No Brasil, os apresentadores de televisão são glorificados quase como divindades. Uma delas foi praticamente íntima dos telespectadores por causa dos quase 70 anos que passou sustentando programas de auditório: Hebe Camargo, relembrada pelo filme “Hebe — A Estrela do Brasil”, com estreia em 26 de setembro. A difícil tarefa de encarnar a personagem foi de Andréa Beltrão, o que gerou certo estranhamento, pois existem outras grandes atrizes fisionomicamente mais parecidas com
a apresentadora, algo que a atriz admite. Foram milhares de horas assistindo vídeos de Hebe e muita preparação para chegar ao resultado final, processo que ela conta que começou com uma imitação que chama de “tosca e grosseira”.

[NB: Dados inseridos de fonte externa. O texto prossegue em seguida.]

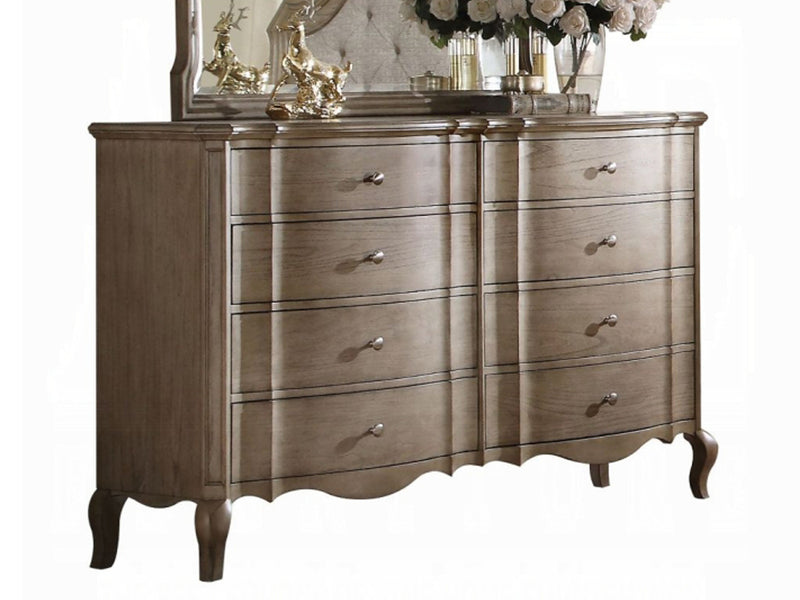 Chelmsford 64" Wide 8 Drawer Dresser With Mirror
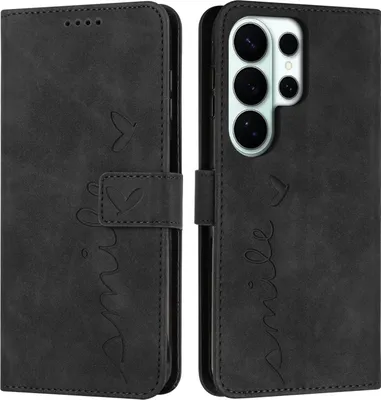 Produktbild von Samsung Galaxy S26 Ultra Hülle - Coverup Smile Klapphülle - Schwarz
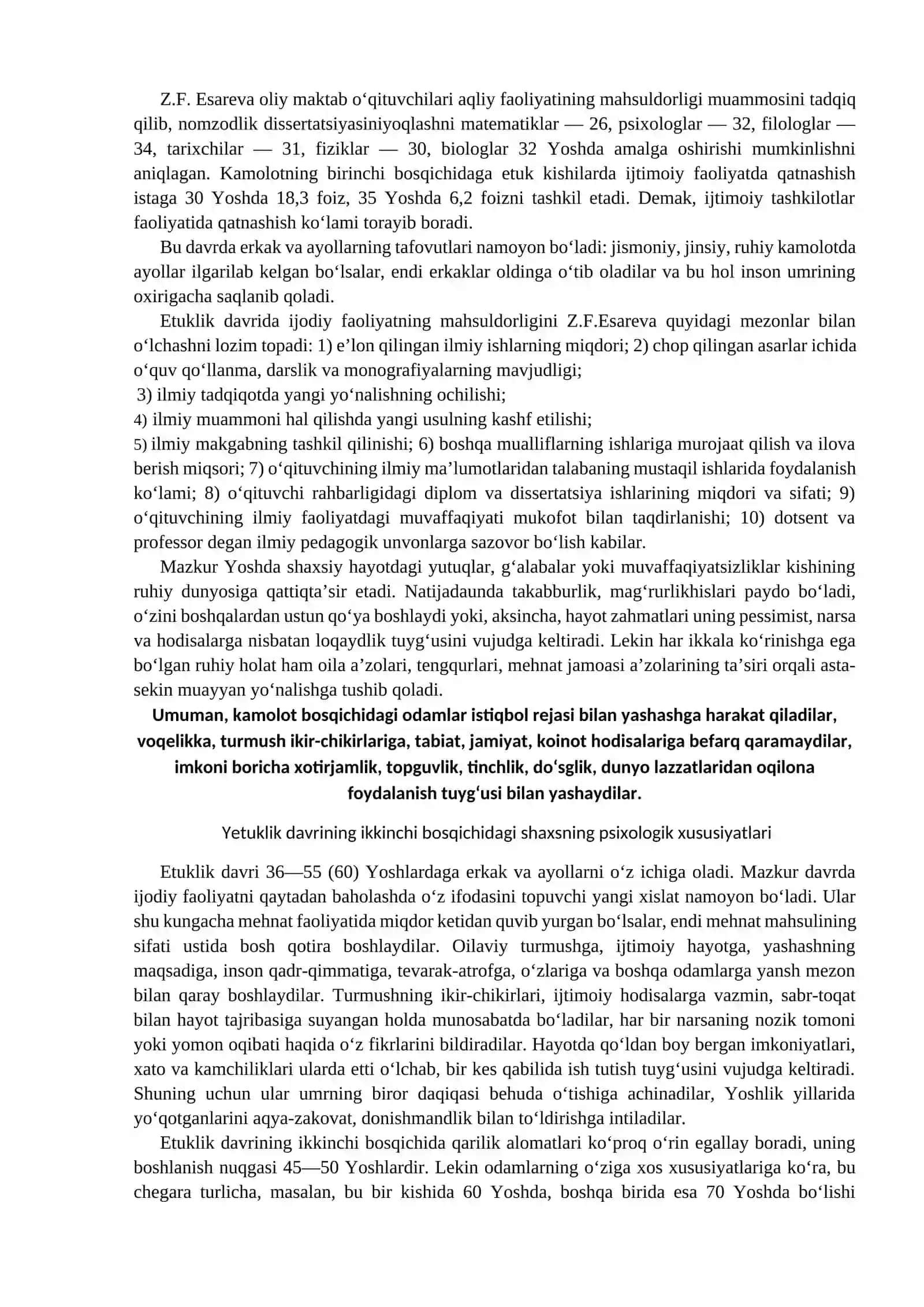 Yetuklik va keksalik davrining psixologik xususiyatlari 3
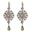 Foto de 32-0533P - *OFERTA*PENDIENTES PLATA PIEDRAS COLOR COBRE 80MM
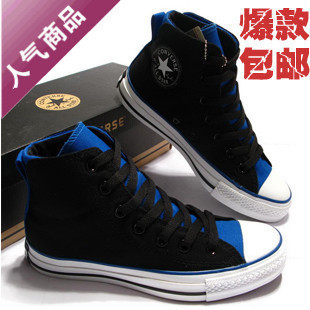  匡威CONVERSE专柜正品李宇春同款帆布鞋双层双色高帮帆布鞋男女款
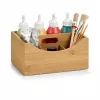 Zeller Caja de almacenamiento Natural 25 x 18 x 12 cm bambú 13336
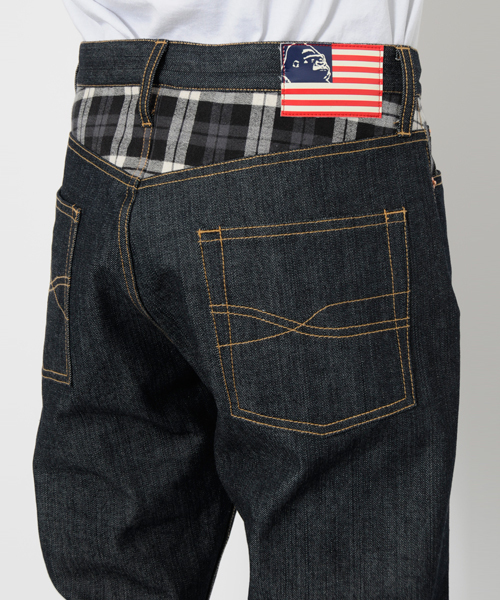 XLARGE（エクストララージ）の「THE STARS AND STRIPES DENIM PANT（デニムパンツ・メンズ・ブラック/グリーン/カモフラージュ・32inch/36inch/30inch/34inch）」の18枚目の写真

TRIO Hebe com Nair Bello e Lolita Rodrigues, suas melhores amigas. A parceria rende, no filme, uma divertida cena de embriaguez (Crédito:FERNANDO ARELLANO/AE)

O diretor do filme, Maurício Farias, afirma que a ideia era que Andréa “encontrasse sua própria Hebe”, pois é impossível reviver tal personagem.

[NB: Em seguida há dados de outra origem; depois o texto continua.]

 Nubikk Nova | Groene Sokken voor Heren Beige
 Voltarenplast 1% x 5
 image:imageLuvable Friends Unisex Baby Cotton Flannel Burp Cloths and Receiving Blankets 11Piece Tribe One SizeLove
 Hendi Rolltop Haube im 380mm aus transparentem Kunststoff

“Se você reconheceu que não são aquelas pessoas, é isso mesmo, a Andréa não é a Hebe”, explica. O caminho para evitar
uma imitação e partir para uma adaptação funciona bem, pois a performance da atriz é plena de nuances que remetem a Hebe, apesar da pouca semelhança física. Cabe um elogio ao figurino, que conta com peças do acervo da apresentadora — incluindo algumas joias exuberantes.

O recorte de alguns meses de 1985 para ambientar o filme é outro acerto, afinal retratar a vida inteira de Hebe em pouco menos de duas horas seria uma impossibilidade. Na trama, vemos o episódio em que a estrela se demite da Rede Bandeirantes, em meio a restrições ao seu programa, e vai para o SBT. Carolina Kotscho, que assina o roteiro, justifica a escolha como “o período em que Hebe transborda”, perpassando por muitos aspectos de sua vida. Segundo ela, tudo que está no filme foi inspirado em entrevistas ou conversas documentadas da apresentadora no imenso acervo cedido pelo projeto Hebe Forever, comandado por seu sobrinho Claudio Pessutti (vivido por Danton Mello no longa). Documentários e até uma série de TV devem ser rodados a partir desse rico material de pesquisa.

Sem medo da censura

O longa é produzido pela Globo Filmes, que finalmente quebrou um grande tabu: usar estrelas de emissoras rivais ou figuras públicas. Bandeirantes, SBT, Ulysses Guimarães, Silvio Santos e Paulo Maluf — que Hebe sempre apoiou — são mencionados abertamente. A censura é tema constante, com a apresentadora frequentemente desafiada pelo poder público, seja no fim do período militar ou por políticos críticos das suas abordagens. Muito antes de se falar em representatividade, Hebe já convidava transsexuais e travestis para o seu programa.

O embate entre ideias progressistas e retrógradas traz um ar atual para a narrativa. Não se trata de acaso. Há um esforço no roteiro para fazer com que o filme se mantenha pertinente para a parcela do público que não “conviveu” com Hebe na telinha.

Ela faleceu em 2012, aos 83 anos.Na vida privada, Hebe também não aguenta os desaforados ataques de ciúme do marido Lélio, interpretado por Marco Ricca. Nessas cenas “não há nenhuma lantejoula”, citando uma de suas expressões favoritas. Apesar de necessárias, as cenas de auditório não chegam perto do magnetismo da apresentadora, que é mostrada de costas, algo nunca visto. Hebe gostava de se dirigir à câmera e exigia trabalhar ao vivo.